Employers may not refuse to interview a qualified individual who can perform the essential functions of the job because they make an accommodation request, such as a change of venue or the aid of an interpreter. They also may not use a qualified applicant’s disability as a reason not to hire them for a vacant position.
Types of Accommodations
A few examples of effective accommodations for an employee’s disability or job applicants:
Conducting an interview or having an employee work on the first floor of a building if there is no elevator. Asking a company to install an elevator to accommodate an employee in a wheelchair may be an undue burden, but moving an interview or workspace to an area the wheelchair-bound individual can access is not;
Allowing an individual who cannot stand for prolonged periods of time to sit on a chair or step stool;
Creating a parking space close to the building for an employee who needs it;
Allowing a deaf individual to bring a sign language interpreter to their interview; and
Providing a blind employee with training materials that they can read, such as Braille or large print text.

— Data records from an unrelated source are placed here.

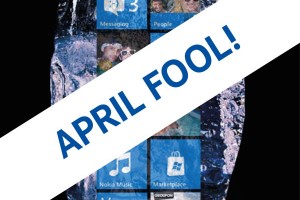 Top 5 Nokia Related April Fools (+ a few others)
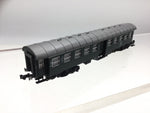 Roco 2255 N Gauge DB 2nd Class Coach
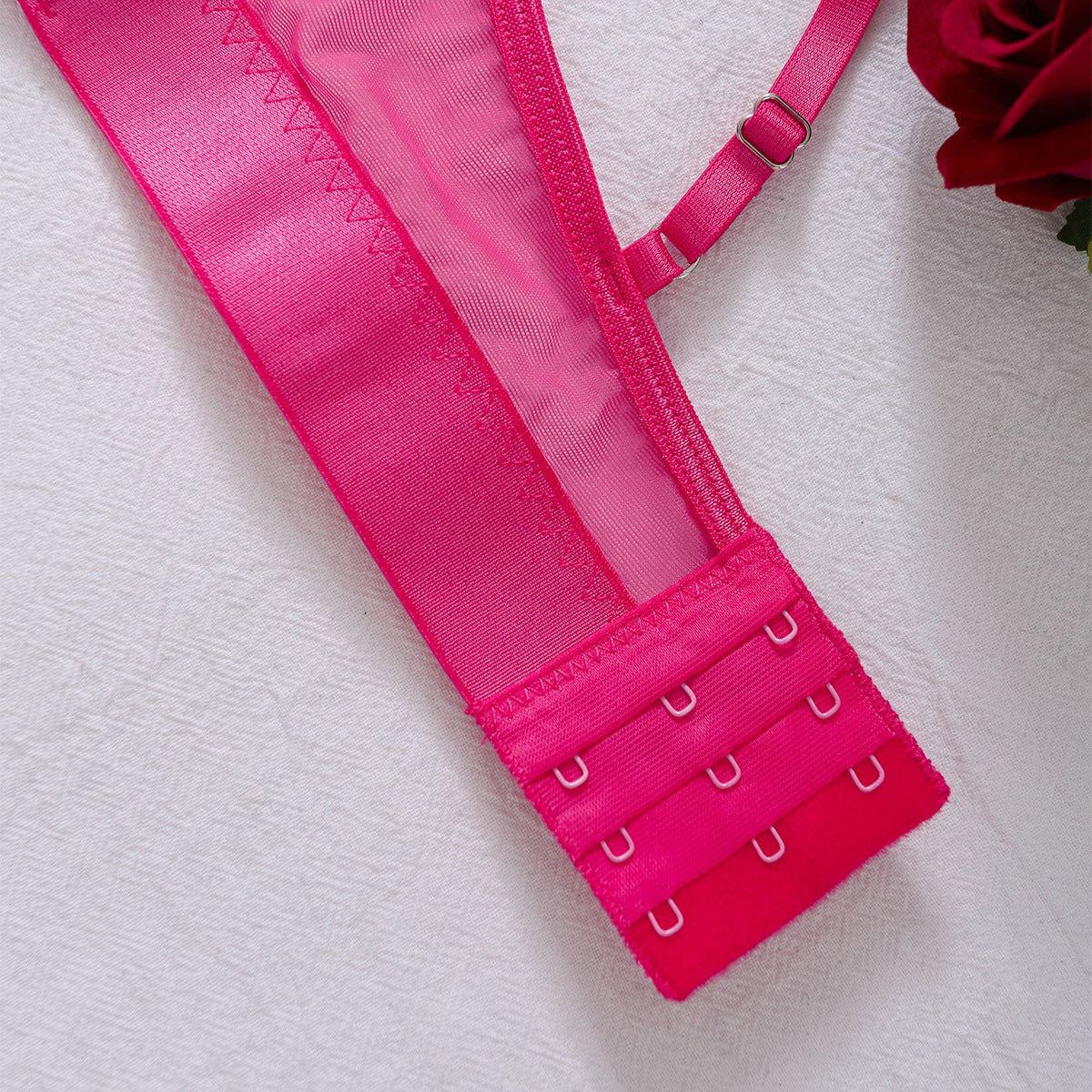 Sexy Sheer Underwear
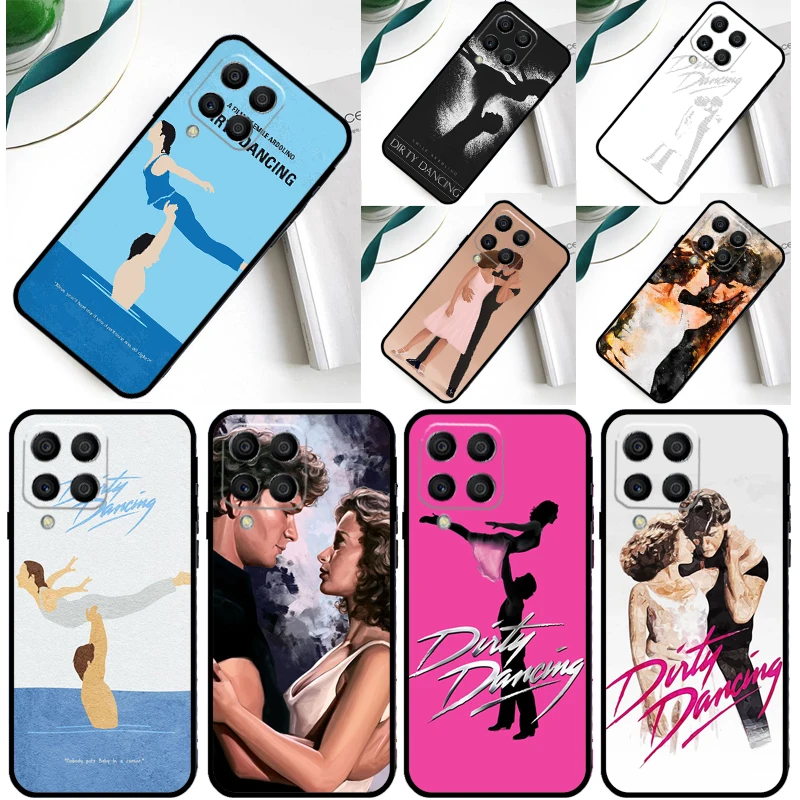 Dirty Dancing Cover…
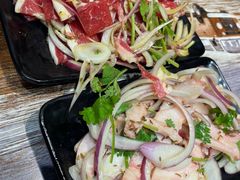 -红岸碳烤齐齐哈尔原味生态烤肉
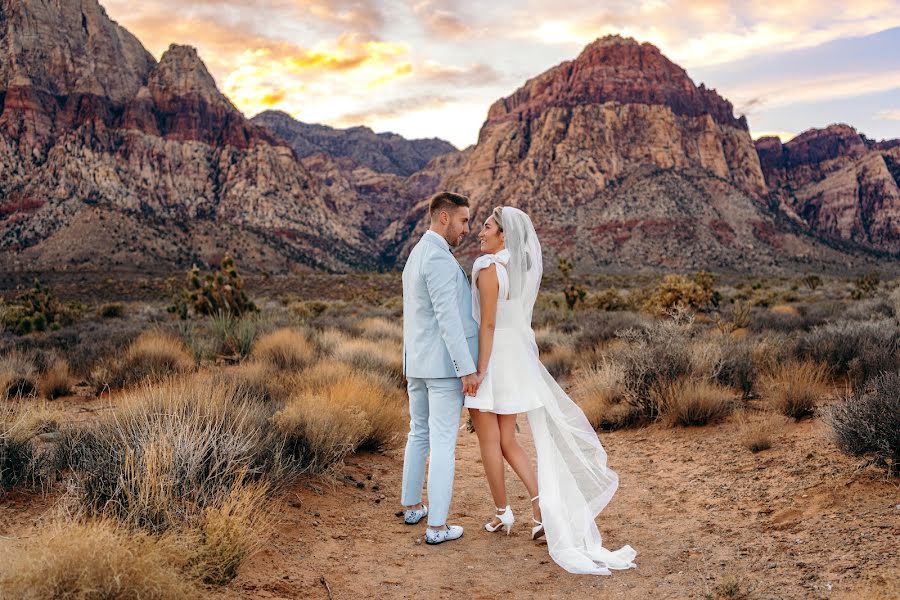 Fotografo di matrimoni Andrew Korotkyi (korotkij). Foto del 9 aprile 2022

“If a person has a disability or some kind of impairment, they need to specifically tell the employer and request an accommodation,” says Ashley E. Tremain, an employment litigator with Tremain Artaza in Dallas who has handled several reasonable accommodation cases on behalf of employees. “That sounds like a very basic thing, but it’s often that someone comes in and says, ‘My employer is being hard and they know I have this issue,’ and we say, ‘Have you gone through the accommodation process and asked for assistance—to work in a different area or have fewer hours?’ I’d say more than half the time the answer is no.

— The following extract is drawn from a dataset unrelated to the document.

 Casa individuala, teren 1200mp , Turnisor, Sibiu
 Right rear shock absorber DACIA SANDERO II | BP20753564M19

“The way the law works, the onus is on the employee initially to be the one to reach out and start the application process ,” Tremain says, adding that it’s best to do so in writing—such as an email—in case you need to prove it later. “Then it’s best to follow up, in person, and have a conversation so it’s not perceived as hostile.” After that request is made, the legal burden shifts. The employer has a legal obligation to begin an interactive process.
Is it Reasonable?
Not all requested accommodations are reasonable or involve an essential function of the job. Sometimes an employee request is simply asks too much of the employer and the request may be denied. Under the Americans with Disabilities Act, accommodations must only be made for employees if they are deemed to be reasonable. When the cost of the accommodation is too expensive for a company to realistically make or if it poses an undue hardship or hazard to other employees of the company, it is not a reasonable accommodation.
“Unfortunately the law doesn’t give a bright line as to what’s reasonable or not, but generally, an employee needs to prepare to be flexible. It’s best to go to your employer with a couple of ideas and say, ‘I’m having this problem and I can still do my job if you did A, B, or even C,’” Tremain says. “If they unilaterally reject all the ideas or don’t make suggestions of their own, that’s a big red flag.”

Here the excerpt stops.